Finnish school shooter chatted online with Pa. teen, attorney says

PHILADELPHIA — A teenager who admitted plotting a school attack near Philadelphia had chatted online about the Columbine massacre with a teenage outcast who killed eight people and himself in a high school shooting in Finland, the Pennsylvania boy’s attorney said Monday.

But the teen was “horrified” when he found out about the Finnish attack and said he never would have suspected him of following through on a violent act, the attorney said.

Finnish police said material seized from the computer of Pekka-Eric Auvinen suggests the 18-year-old had communicated online with Dillon Cossey, 14, who was arrested in October for allegedly preparing a attack at Plymouth Whitemarsh High School in suburban Philadelphia.
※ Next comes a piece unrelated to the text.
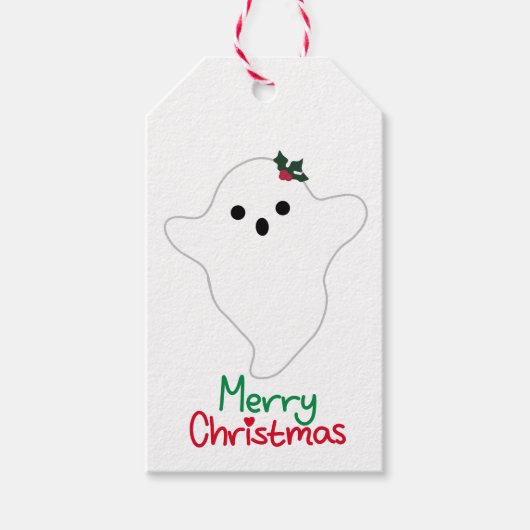 Mistletoe Ghost Vrolijk Kerstfeest Cadeaulabel (Voorkant)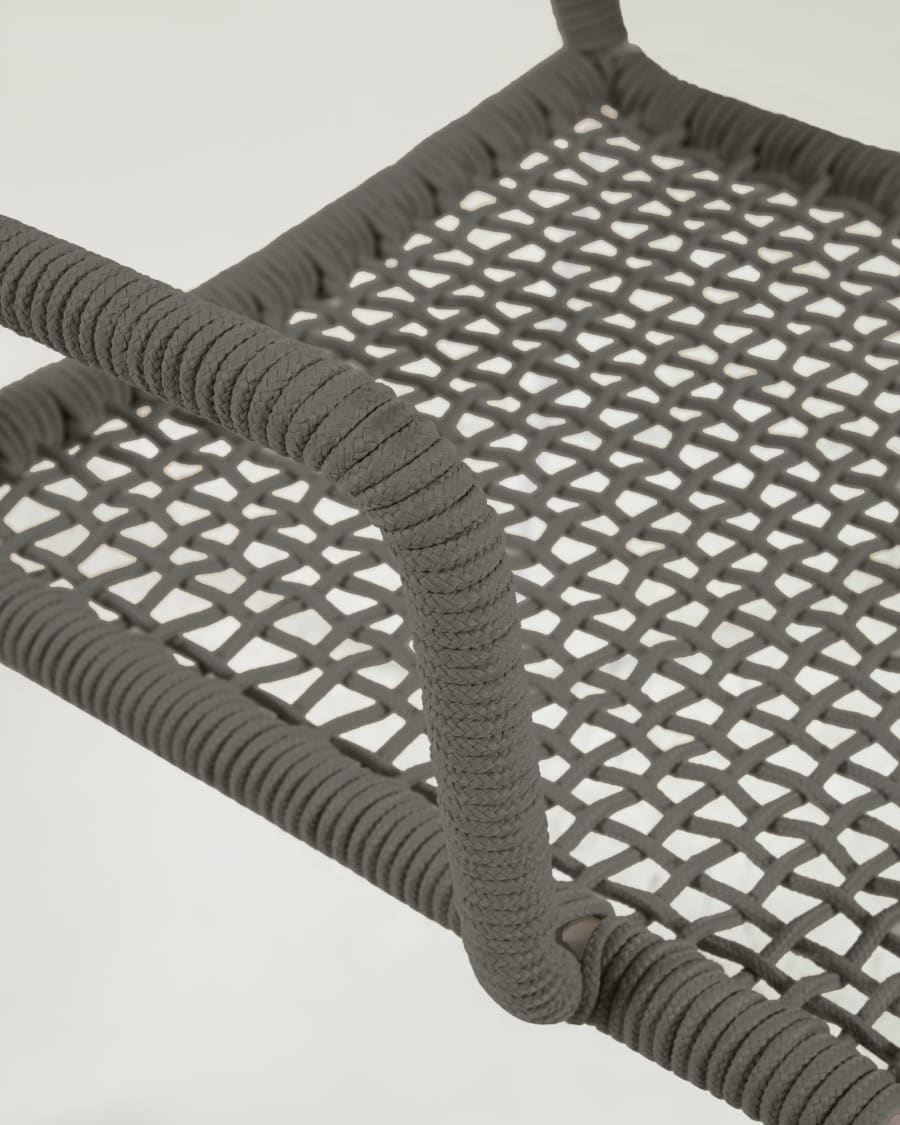 Cailin stackable chair in green cord with galvanised steel legs painted dark green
Cossey’s attorney, J. David Farrell, said he showed Auvinen’s online screen name to his client Monday and he rememebered communicating with him about video games and the 1999 Columbine massacre in Colorado and exchanging videos they found on the Internet.

“They had discussed certain video games and shared videos with each other,” Farrell said. “Obviously, Columbine was a shared topic of interest.”

Auvinen killed six students, a nurse and the principal Wednesday in Tuusula, about 30 miles north of the Finnish capital, Helsinki. He then shot himself in the head, and died hours later at a hospital.

Finnish investigators have said Auvinen left a suicide note for his family and foreshadowed the attack in YouTube postings. On Monday, Rabbe von Hertzen, a detective in the case, said Auvinen is believed to have written the suicide note on Nov. 5, suggesting he had planned the attacks for at least two days.

Police have described Auvinen as a bullied teenage outcast consumed with anger against society.